The Sample log text:

2018-06-21 19:42:58 [scrapy.crawler] INFO: Overridden settings: {'BOT_NAME': 'locations', 'CLOSESPIDER_TIMEOUT': '14400', 'FEED_FORMAT': 'geojson', 'LOG_FILE': '/geojson_dumps/21_Jun_2018_07_42_54/logs/coastalfarm.log', 'LOG_LEVEL': 'INFO', 'NEWSPIDER_MODULE': 'locations.spiders', 'SPIDER_MODULES': ['locations.spiders'], 'TELNETCONSOLE_ENABLED': '0', 'USER_AGENT': 'Mozilla/5.0'}

2018-06-21 19:43:00 [scrapy.statscollectors] INFO: Dumping Scrapy stats:
{'downloader/request_bytes': 369,
 'downloader/request_count': 1,
 'downloader/request_method_count/GET': 1,
 'downloader/response_bytes': 1718,
 'downloader/response_count': 1,
 'downloader/response_status_count/200': 1,
 'finish_reason': 'finished',
 'finish_time': datetime.datetime(2018, 6, 21, 14, 13, 0, 841666),
 'item_scraped_count': 4,
 'log_count/INFO': 8,
 'memusage/max': 56856576,
 'memusage/startup': 56856576,
 'response_received_count': 1,
 'scheduler/dequeued': 1,
 'scheduler/dequeued/memory': 1,
 'scheduler/enqueued': 1,
 'scheduler/enqueued/memory': 1,
 'start_time': datetime.datetime(2018, 6, 21, 14, 12, 58, 499385)}

2018-06-21 19:43:00 [scrapy.core.engine] INFO: Spider closed (finished)

I have tried (\{.+$\}) as the regex expression but it gives me the the dict which is on single line, {'BOT_NAME': 'locations',..., 'USER_AGENT': 'Mozilla/5.0'} which is not what is expected.

The json/dictionary I want to extract: Note: The dictionary would not the same keys, it could differ.

{'downloader/request_bytes': 369,
 'downloader/request_count': 1,
 'downloader/request_method_count/GET': 1,
 'downloader/response_bytes': 1718,
 'downloader/response_count': 1,
 'downloader/response_status_count/200': 1,
 'finish_reason': 'finished',
 'finish_time': datetime.datetime(2018, 6, 21, 14, 13, 0, 841666),
 'item_scraped_count': 4,
 'log_count/INFO': 8,
 'memusage/max': 56856576,
 'memusage/startup': 56856576,
 'response_received_count': 1,
 'scheduler/dequeued': 1,
 'scheduler/dequeued/memory': 1,
 'scheduler/enqueued': 1,
 'scheduler/enqueued/memory': 1,
 'start_time': datetime.datetime(2018, 6, 21, 14, 12, 58, 499385)}
Dustin Oprea
  • 9,673
  • 13
  • 65
  • 105
vdkotian
  • 539
  • 6
  • 13
  • If you can extract the correct string from the log, then just parse it using json module, see https://stackoverflow.com/questions/4917006/string-to-dictionary-in-python , you will get dictionary object. – dr_agon Jul 01 '18 at 16:05

2 Answers2

2

Edit: The JSON spans multiple lines so here's what will do it:

import re

re_str = '\d{2}-\d{2}-\d{2} \d{2}:\d{2}:\d{2} \[scrapy\.statscollectors] INFO: Dumping Scrapy stats:.({.+?\})'
stats_re = re.compile(re_str, re.MULTILINE | re.DOTALL)
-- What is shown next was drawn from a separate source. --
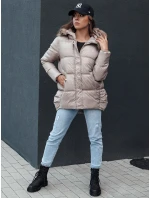 Dámska zimná bunda s kapucňou STELLAR beige FashionStreet TY4494 Dámska zimná bunda s kapucňou STELLAR beige FashionStreet TY4494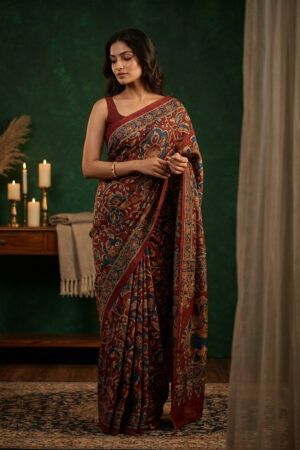 Premium Kalamkari Saree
for match in stats_re.findall(log):
    print(match)

If you are after only the lines from the statscollector then this should get you there (assuming that it's all on one line too):

^.*?\[scrapy.statscollectors] INFO: Dumping Scrapy stats: (\{.+$\}).*?$
JohnKlehm
  • 2,368
  • 15
  • 9
  • Put several lines of the log in pastebin somewhere and I'll take a look. – JohnKlehm Jul 01 '18 at 15:10
  • Remove the `$` within the group, and `?` are not nieeded. The correct expression would be: `^.*\[scrapy\.statscollectors] INFO: Dumping Scrapy stats: (\{.+\}).*$` – dr_agon Jul 01 '18 at 15:58
  • mul_line_json = re.compile('^.*\[scrapy\.statscollectors] INFO: Dumping Scrapy stats: (\{.+\}).*$', re.MULTILINE) re.findall(mul_line_json, data) still no output – vdkotian Jul 01 '18 at 16:18
  • I've edited my answer with code that works with the pastbin. – JohnKlehm Jul 01 '18 at 16:21
0

Using a JSON tokenizer makes this a very simple and efficient task, as long as you have an anchor to search for in the original document that allows you to at least identify the beginning of the JSON blob. This uses json-five to extract JSON from HTML:

import json5.tokenizer

with open('5f32d5b4e2c432f660e1df44.html') as f:
    document = f.read()

search_for = "window.__INITIAL_STATE__="
i = document.index(search_for)
j = i + len(search_for)
extract_from = document[j:]

tokens = json5.tokenizer.tokenize(extract_from)
stack = []
collected = []
for token in tokens:
    collected.append(token.value)

    if token.type in ('LBRACE', 'LBRACKET'):
        stack.append(token)
    elif token.type in ('RBRACE', 'RBRACKET'):
        stack.pop()

    if not stack:
        break

json_blob = ''.join(collected)

Note that this accounts for the JSON both being a complex (object, list) or scalar type.

Dustin Oprea
  • 9,673
  • 13
  • 65
  • 105